Dominique Villain :  Vous faites des répétitions avec les acteurs ?

René Féret : Oui, après ce point zéro avec l’acteur, je trouve. Je suis obligé, c’est mon métier, je suis payé pour trouver. Le plan, il faut que je le fasse, l’acteur aussi, il est engagé. Il faut qu’il fasse le plan, même s’il pense que c’est très mauvais, même s’il pense que ce n’est pas le jour. Donc, à partir du moment où nous sommes dans une nécessité de trouver, je trouve la mise en scène et je trouve le plan. Si je pense que c’est bien, je ne laisse plus l’acteur parler, je lui dis « le plan, tu vas le faire comme ça, c’est très bien », souvent il oppose des doutes. Alors là, je le baratine, je le séduis, je l’embrasse, je lui fais un cadeau, je double son salaire, je fais n’importe quoi, mais il faut absolument qu’il soit avec moi. Je redeviens ami total avec l’acteur, ma pratique d’acteur me sert énormément, je sais ce qu’il faut lui dire : « Tu es formidable, c’est complètement différent de ce qu’on pouvait attendre, en plus, cela te va très bien de le jouer comme ça ». À partir du moment où on a trouvé la façon de faire le plan, on répète. Ensuite, on fait dix à vingt prises pour que ce soit bien, et là, fièrement, je deviens le maniaque absolu, celui qui commande, qui décide si c’est bien ou si ce n’est pas bien. J’ai tous les pouvoirs, sinon on n’y arrive pas. Si je me tourne vers la scripte pour qu’elle donne son avis, c’est terminé. Il faut que le réalisateur quand il saute, saute dans le vide, il est le seul à pouvoir le faire. On ne peut pas tenir la main des autres quand on saute. Je le dis un peu brutalement exprès.
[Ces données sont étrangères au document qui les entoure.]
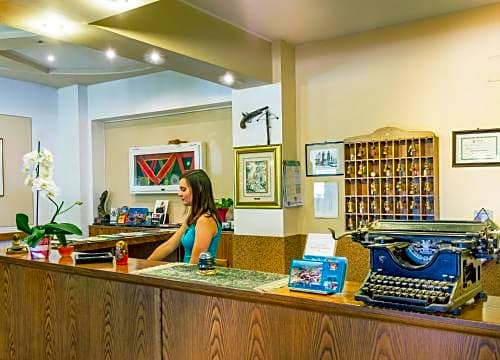 Hotel La Darsena,Lisciano Niccone>>Lake Trasimeno,3 star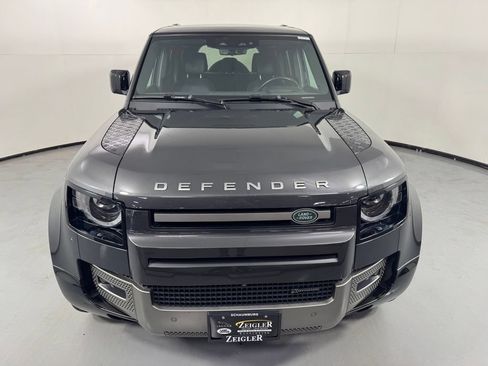 Used 2022 Land Rover Defender 110 X-Dynamic HSE AWD/4WD image 2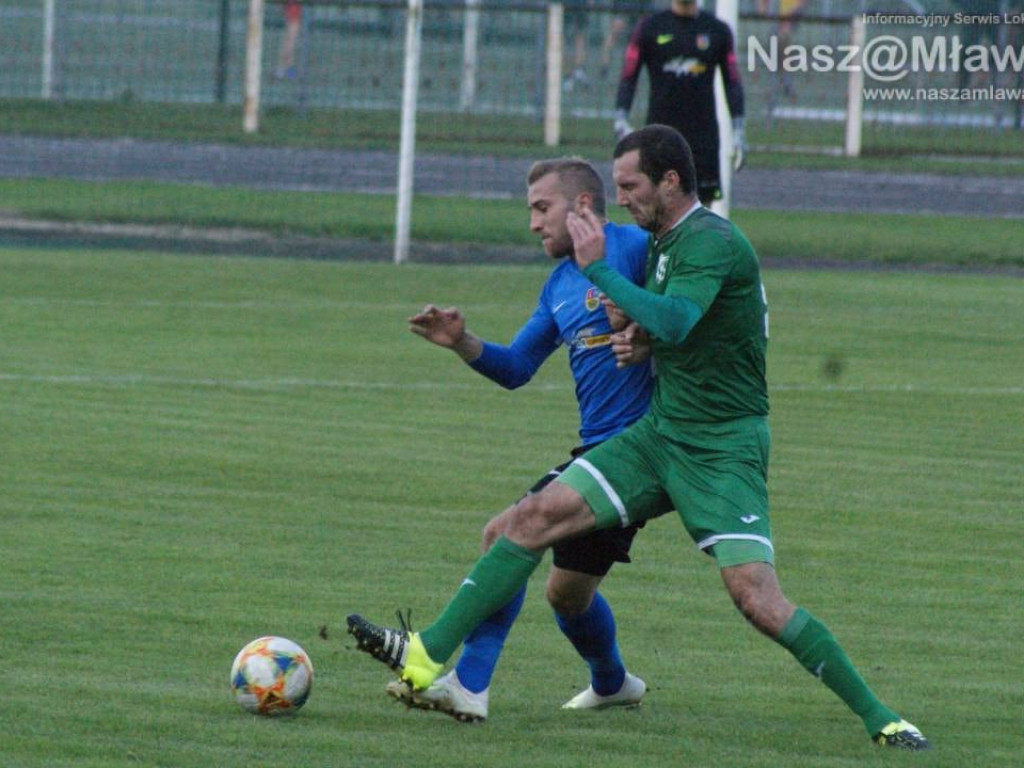 Sukces w meczu na szczycie. Po kartce padły gole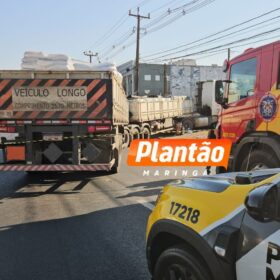 Fotos de Trabalhador morre após cair sobre os rodados de uma carreta em Maringá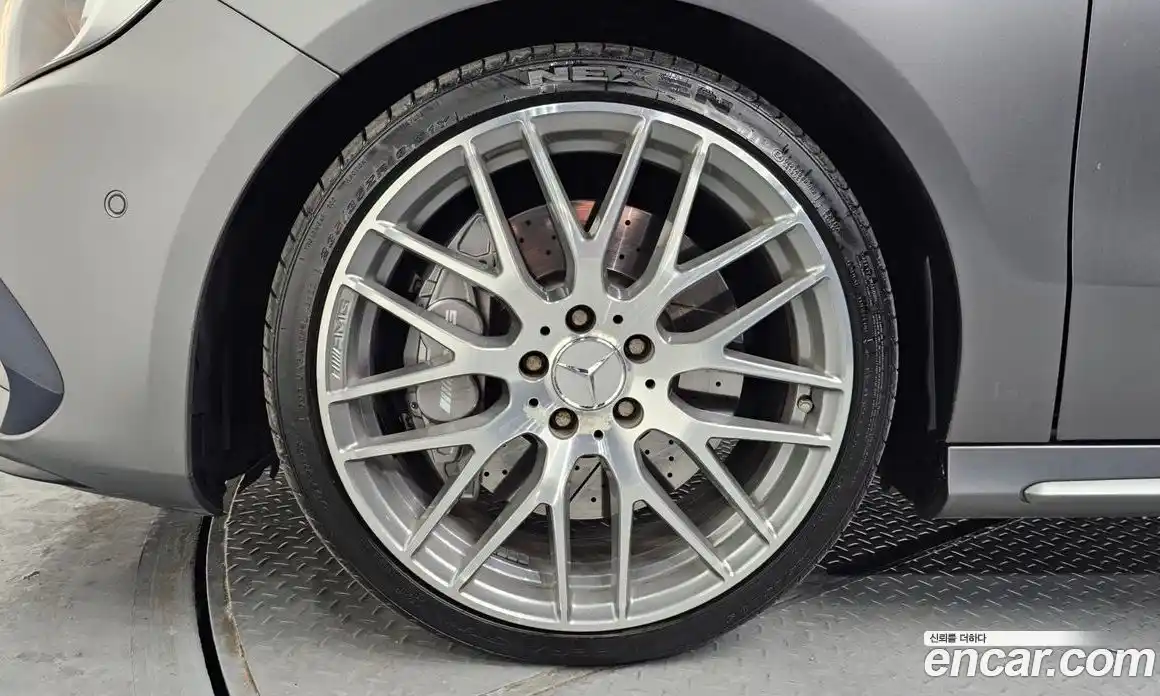 Mercedes-Benz A-Class 2018 2.0 Автомат в Москве № 193966, фото 18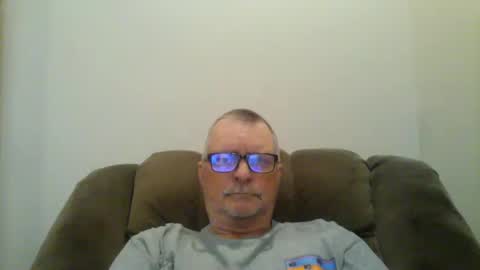 Snapshot of hot4tightholes chatting on December 30, 3:13 pm hot4tightholes online show from December 30, 3:13 pm
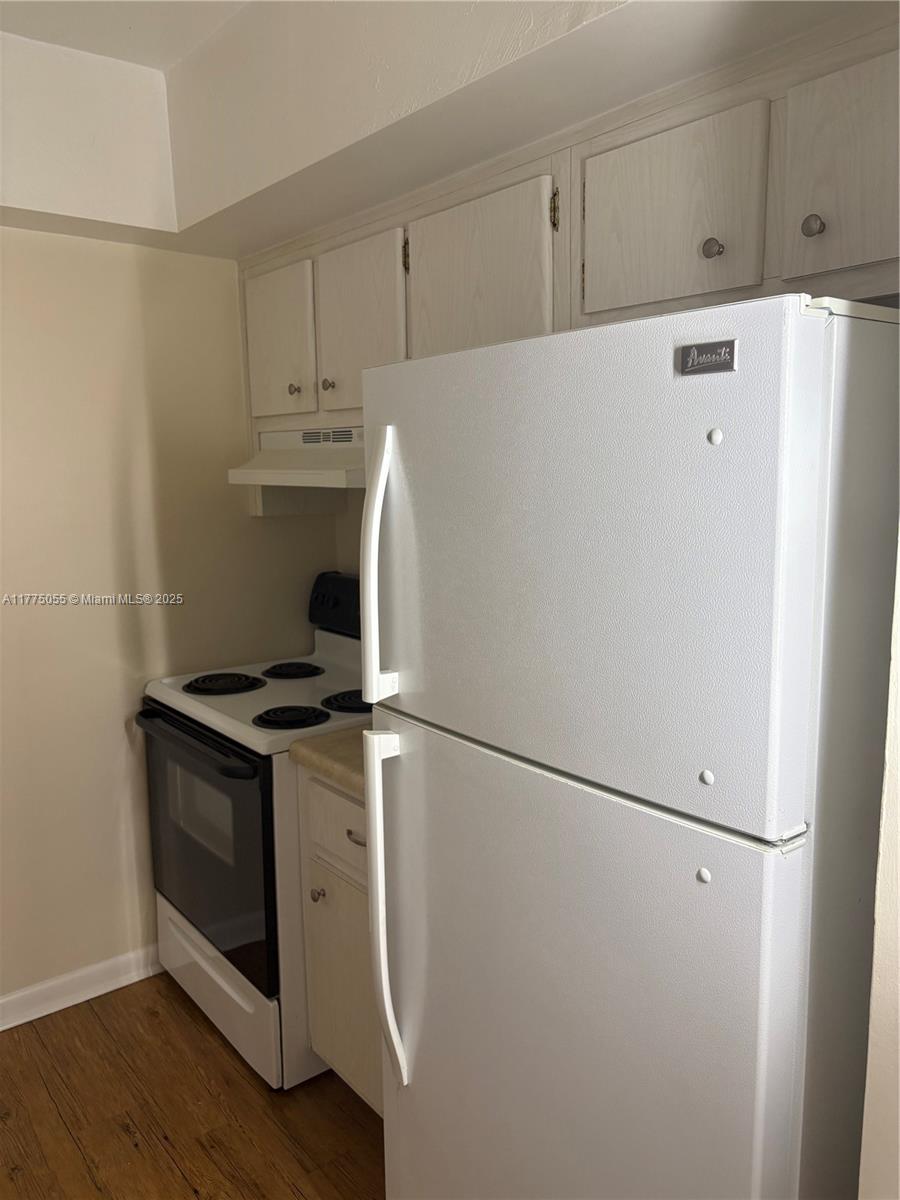 VILLAGE GARDEN CONDO APTS - Residential Lease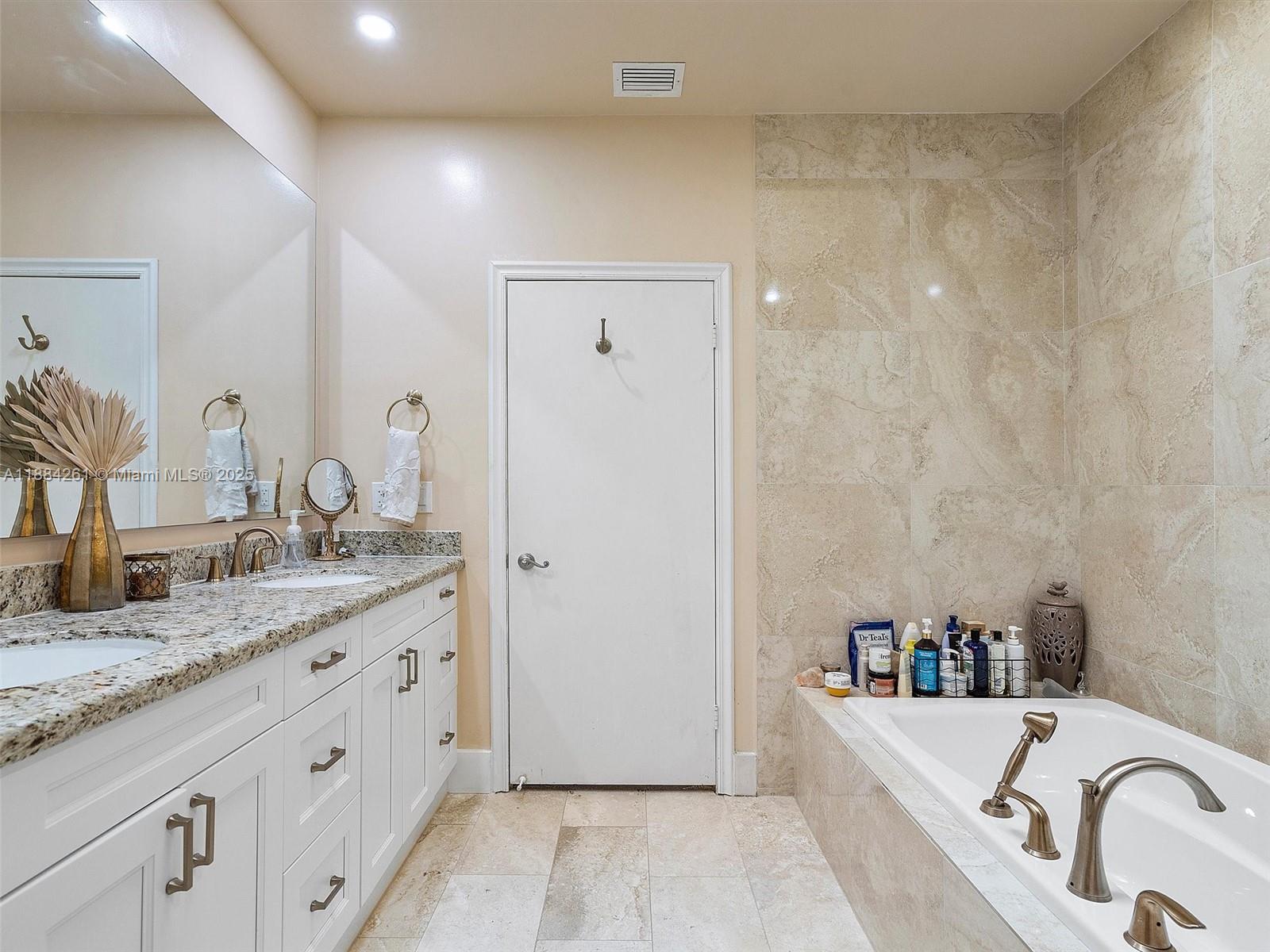 TOWNHOMES OF PORTSVIEW CO - Residential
Dominique Villain : Donc pour chaque plan il y a ce travail d’incertitude ?

René Féret : Oui, et en effet c’est énorme. Le temps moyen nécessaire pour faire un plan c’est deux heures, en deux heures on devient fou, on s’aperçoit que tout ce qu’on sait est nul, que l’acteur qu’on a choisi n’est pas le bon, qu’on n’aurait jamais dû être réalisateur, que ce film va être une catastrophe, on vit cela à chaque plan…

Le premier film

Une étudiante : Cette manière de diriger vos acteurs, est-ce qu’elle est venue dès le premier film ?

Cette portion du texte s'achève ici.